At the zoo today, we passed three separate children who were undeniably autistic. One angel faced child maybe a year or so older than Billy, flicking a well loved teddy bear repeatedly in front of his eyes and making one word requests. A two or three year old with his hands planted firmly over his ears as he shared his stroller with a giant bag of potato chips. And a very, very loud and large pre-adolescent, with no social or personal barriers to speak of...

People say the rising autism rates are because of better diagnosis - sharper teachers, more canny doctors (seriously, are you kidding me? where are they hiding these clever folk?)

I'm about to start my 43rd year on this planet, and in the last, oh, three of those years, I've seen more randomly placed (like not at school or sitting in the ST's waiting room) autistic people than in the four decades before.

I really hate to say this, but I think history will mark this period - the rise of autism, once we understand more about what the freaking hell is going on.

And, it will mark the rise of Pixar, whose stunning work I am hoping to take in in 3d this week... when Billy (the cinema hater.. another blog entry one day) goes back to school.

Told you I'd make it back to where I started!



Lisa said...

Since I became intimately acquainted with the spectrum, I too have noticed more and more autistic people just... around.

nyah, nyah, nyah, it takes one to know one!!!

Seriously, the more I see autism at home, the more I recognise it out and about- even subtle clues and signs.
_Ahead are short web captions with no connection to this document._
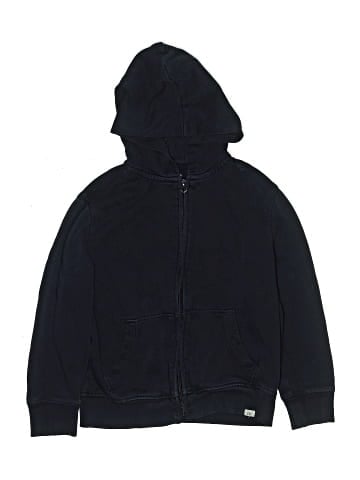 Gap Kids Zip Up Hoodie (view 1)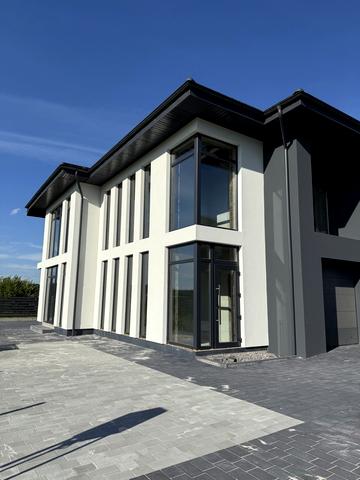 Івана Франка вул.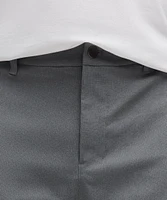 ABC Classic-Fit Short 9" *WovenAir | Men's Shorts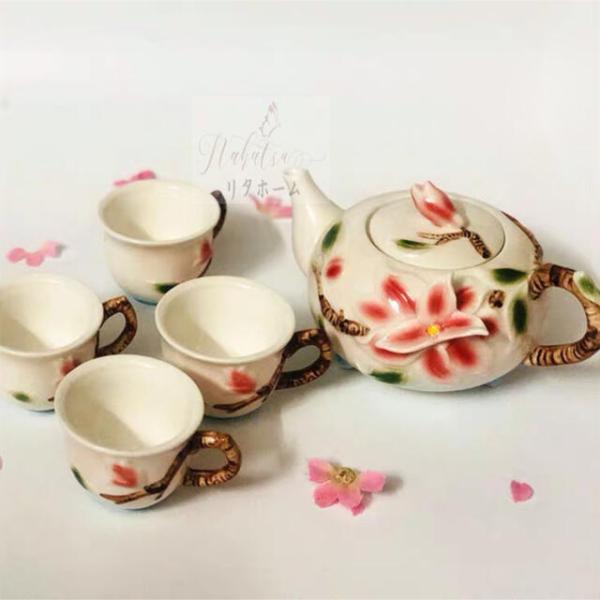 4q푵  }{ |bg Zbg eB[Zbg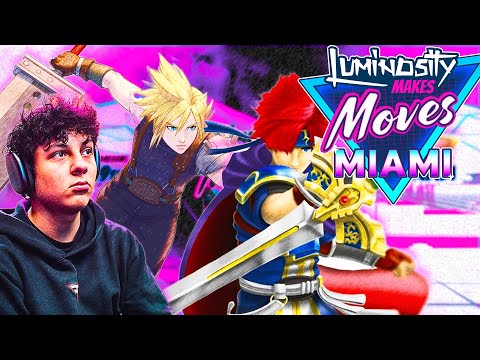 Can Spargo reclaim his top spot?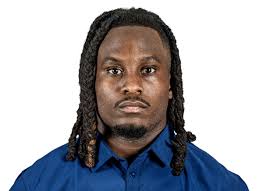 Nevada Wolf Pack College Football Roster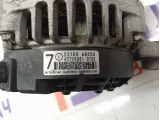 Генератор Subaru Forester 23700AB050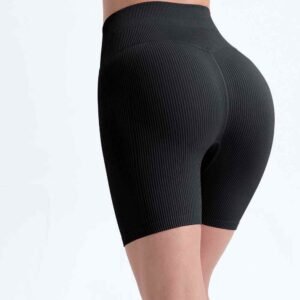 Leggings de treino macios para mulheres ultraconfortáveis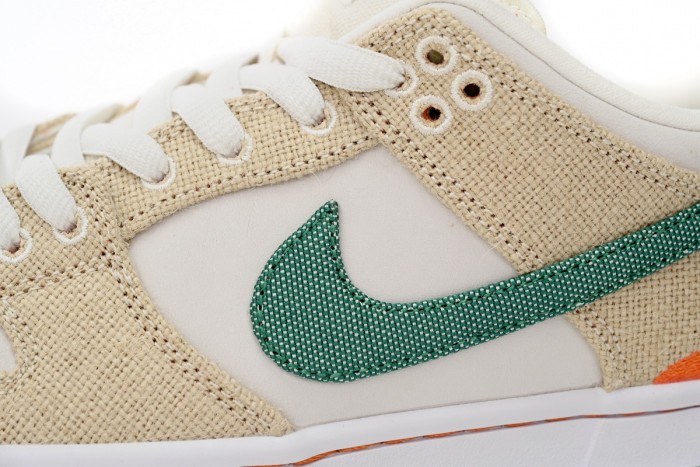 N  SB Dunk Low Jarritos FD0860-001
Hell, Val, I'd bet we could pick an autistic kid before their parents do half the time.

Of course, then you have to decide when/if/what to say to said parent about said child. Like the lovely woman at Wizzy World.

And as for special interests, we skipped zoos. Dinosaurs are a bit thin on the ground. We got to make do with pictures and books. Until the topic changed to all things Mediaeval, and we went falconing, and shooting bows and arrows, and...

We did however, on this journey, end up meeting the future Hedwig (he/she of Harry Potter fame).

Oh, and Val - kid-hating NEVER goes, but it doesn't matter so much when there's less age difference between Billy and the people he gets on with.

Flippantly yours, xxxx, etc

Fi said...

hehehe, I agree.
I don't set out looking for autism. It literally jumps out at me and I can't NOT see it!

Anonymous said...

You're so right. Autism is on the rise, not that there's anything wrong with it. (See Seinfeld onn gays if you didn't get that reference). I can spot the autists because I used to teach autistic boys. My children are not autistic. They're... just kids, whatever the correct term is for what used to be called "normal." Neurotypical, perhaps?
I don't feel superior for having dodged the autism bullet but my brief experience in the classroom taught me to notice when one of the tribe is about. And there are increasing numbers. Something is going on with our planet and whether you celebrate neurodiversity or not it makes one wonder where we're going and what will become of our world.